If you’ve arrived at this link just wanting to download a copy of my Matlab function that retrieves historical stock data and normalizes for splits & dividends, click here: get_hist_stock_data.m
If you want to understand a little more of the particulars, read on…
Many of us in the engineering field use Matlab for our daily university or professional work. It’s a fast and easy tool for algorithm development and simulations of all sorts. And often, after becoming proficient in Matlab, and having used it to solve many difficult problems, the Big IdeaTM dawns that goes something like this:
With all my background and experience in mathematics, programming, and problem solving, is there any reason that this skill set I’m drawing on right now to design a robust and efficient wireless communication system couldn’t also be used to develop a robust and efficient stock trading algorithm?
After all, isn’t a lot of engineering about recognizing and exploiting patterns or trends – or extracting meaningful information from signals corrupted with noise?
You can see it all now. Code up a trading algorithm, simulate it over historical stock data, tweak, adjust, and repeat until you have a system that would have historically delivered huge returns. Then unleash it upon an unexpecting Wall Street…
… and pray that the future tracks the past…
So the first question is where to get historical stock data for your backtesting? I had seen Compustat mentioned as the data source in many investing books so I contacted them for a quote. Let’s just say that after paying for the license I wouldn’t have had any money left over to actually invest. As S&P kindly told me, it’s really for institutions, not private investors.
But it turns out there is a fairly good free database via Yahoo! Finance’s Historical Portal. It only has high, low, open, close, and volume – and it only has data for businesses that are still alive (survivorship bias) – but it’s at least a step in the right direction!
And depending upon the algorithm you have in mind, these historical prices and volume may be all you’re really after anyway. So the next step is how to easily get the data into Matlab.
The steps for downloading historical stock data from Yahoo! Finance are already available at the Mathworks site. But I’ll expand on those steps a bit.
It is easy to read historical data into Matlab because of Matlab’s java interface. So for those who wish to use java instead of Matlab, the steps are therefore very similar.

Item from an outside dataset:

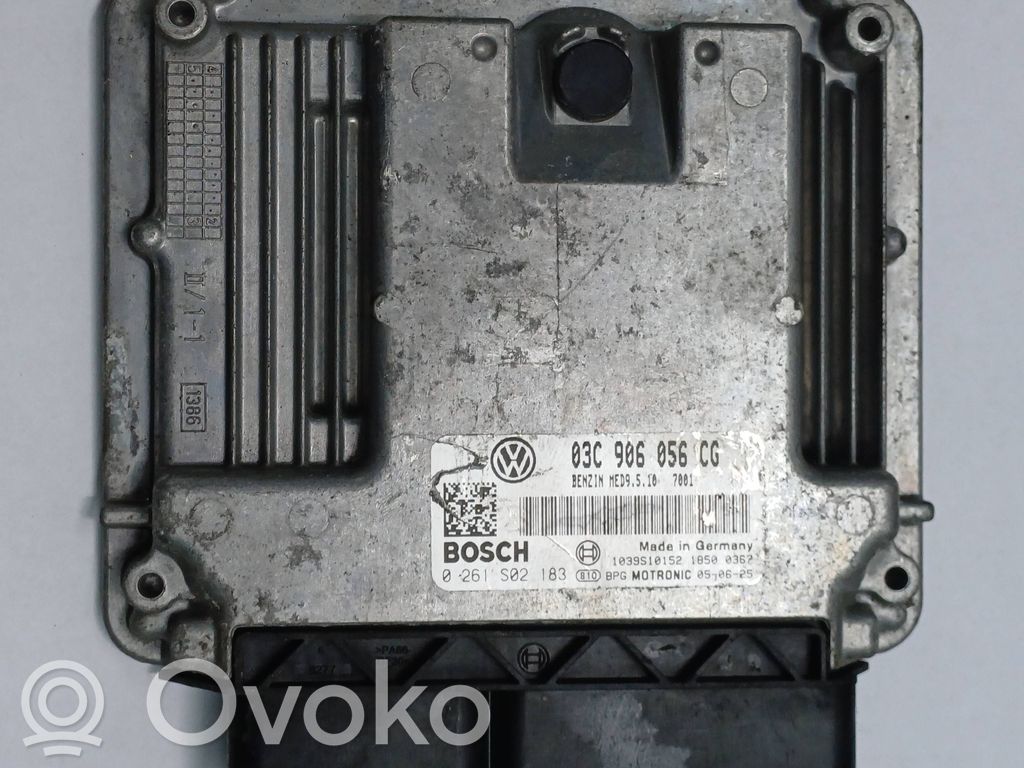 Volkswagen Golf V Engine control unit/module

Step 1 is to create the proper URL name for the stock and time period you are after. This takes a little deciphering of the URL syntax used by Yahoo! for historical data – which you can do by clicking on various historical data options and noting what appears in the URL address. Here’s an example URL for some historical data (daily) in CSV format for Apple Computer, from November 15, 2005 through February 17, 2006:
http://ichart.finance.yahoo.com/table.csv?s=AAPL&a=10&b=15&c=2005&d=01&e=17&f=2006&g=d&ignore=.csv
You’ll find that after s= comes the ticker symbol, after a= the start month (minus 1), after b= the start day of the month, c= the start year and so on. The final g= parameter lets you choose between getting historical stock information on a daily, weekly, or monthly basis.
So the first step is to create a character string with the desired URL name as described above, saved in a variable called, say, url_name:
url_name=’http://ichart.finance.yahoo.com/table.csv?…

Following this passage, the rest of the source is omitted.